Web page caption snippets:
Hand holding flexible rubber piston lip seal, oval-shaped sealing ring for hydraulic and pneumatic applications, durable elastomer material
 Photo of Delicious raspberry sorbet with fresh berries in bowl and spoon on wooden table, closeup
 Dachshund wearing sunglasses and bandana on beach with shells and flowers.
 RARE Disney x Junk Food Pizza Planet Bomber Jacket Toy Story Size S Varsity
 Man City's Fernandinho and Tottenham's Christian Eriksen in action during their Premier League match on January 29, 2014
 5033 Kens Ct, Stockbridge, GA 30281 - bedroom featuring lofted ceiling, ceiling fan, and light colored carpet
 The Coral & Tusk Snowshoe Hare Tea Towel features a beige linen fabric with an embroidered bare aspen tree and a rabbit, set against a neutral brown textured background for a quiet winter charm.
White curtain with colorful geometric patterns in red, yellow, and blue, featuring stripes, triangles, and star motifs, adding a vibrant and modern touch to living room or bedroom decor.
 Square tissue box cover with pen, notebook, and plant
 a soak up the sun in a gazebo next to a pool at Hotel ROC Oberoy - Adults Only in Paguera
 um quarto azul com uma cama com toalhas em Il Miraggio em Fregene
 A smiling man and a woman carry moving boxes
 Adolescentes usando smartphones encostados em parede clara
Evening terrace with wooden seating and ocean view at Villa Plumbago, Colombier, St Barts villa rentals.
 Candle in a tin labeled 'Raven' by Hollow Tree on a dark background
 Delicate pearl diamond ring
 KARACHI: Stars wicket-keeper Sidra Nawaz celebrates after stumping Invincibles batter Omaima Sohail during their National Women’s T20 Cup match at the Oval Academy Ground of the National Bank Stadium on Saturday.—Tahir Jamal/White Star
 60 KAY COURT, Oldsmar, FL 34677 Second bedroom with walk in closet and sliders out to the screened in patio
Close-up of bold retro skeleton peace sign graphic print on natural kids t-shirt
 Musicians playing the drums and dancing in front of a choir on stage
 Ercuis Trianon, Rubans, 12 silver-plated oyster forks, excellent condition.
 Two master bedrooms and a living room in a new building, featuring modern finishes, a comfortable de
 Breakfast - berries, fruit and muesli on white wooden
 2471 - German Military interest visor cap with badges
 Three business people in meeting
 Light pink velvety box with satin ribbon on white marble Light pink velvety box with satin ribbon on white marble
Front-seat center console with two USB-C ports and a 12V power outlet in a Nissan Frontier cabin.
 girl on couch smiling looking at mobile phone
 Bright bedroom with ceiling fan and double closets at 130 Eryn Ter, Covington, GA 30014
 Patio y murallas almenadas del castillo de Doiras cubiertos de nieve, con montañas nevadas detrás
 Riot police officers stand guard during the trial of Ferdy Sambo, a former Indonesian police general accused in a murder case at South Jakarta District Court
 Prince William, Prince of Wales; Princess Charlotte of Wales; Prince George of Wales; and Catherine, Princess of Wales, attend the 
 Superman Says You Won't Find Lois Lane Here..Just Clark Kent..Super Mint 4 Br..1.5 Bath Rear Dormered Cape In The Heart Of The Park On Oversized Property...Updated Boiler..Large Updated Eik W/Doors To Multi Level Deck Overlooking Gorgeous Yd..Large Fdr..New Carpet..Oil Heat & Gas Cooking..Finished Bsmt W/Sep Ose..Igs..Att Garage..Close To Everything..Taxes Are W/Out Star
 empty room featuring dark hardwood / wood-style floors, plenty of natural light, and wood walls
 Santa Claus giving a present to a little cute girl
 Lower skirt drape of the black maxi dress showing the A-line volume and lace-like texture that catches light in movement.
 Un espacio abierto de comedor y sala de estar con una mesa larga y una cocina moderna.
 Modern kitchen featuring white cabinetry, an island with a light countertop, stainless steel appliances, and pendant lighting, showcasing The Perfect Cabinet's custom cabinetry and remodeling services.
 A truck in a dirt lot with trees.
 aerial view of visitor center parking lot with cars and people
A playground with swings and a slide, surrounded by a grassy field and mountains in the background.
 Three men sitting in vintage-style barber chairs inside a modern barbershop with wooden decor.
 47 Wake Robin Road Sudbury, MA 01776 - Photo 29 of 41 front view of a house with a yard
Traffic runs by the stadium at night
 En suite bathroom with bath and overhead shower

* **PROBLEM DESCRIPTION**
Starting at the line that contains "The Coral &" and stopping after the line that contains "Delicate pearl diamond ring", write out every line exactly as it appears above, and no other line.

* **TASK OUTPUT**
 The Coral & Tusk Snowshoe Hare Tea Towel features a beige linen fabric with an embroidered bare aspen tree and a rabbit, set against a neutral brown textured background for a quiet winter charm.
White curtain with colorful geometric patterns in red, yellow, and blue, featuring stripes, triangles, and star motifs, adding a vibrant and modern touch to living room or bedroom decor.
 Square tissue box cover with pen, notebook, and plant
 a soak up the sun in a gazebo next to a pool at Hotel ROC Oberoy - Adults Only in Paguera
 um quarto azul com uma cama com toalhas em Il Miraggio em Fregene
 A smiling man and a woman carry moving boxes
 Adolescentes usando smartphones encostados em parede clara
Evening terrace with wooden seating and ocean view at Villa Plumbago, Colombier, St Barts villa rentals.
 Candle in a tin labeled 'Raven' by Hollow Tree on a dark background
 Delicate pearl diamond ring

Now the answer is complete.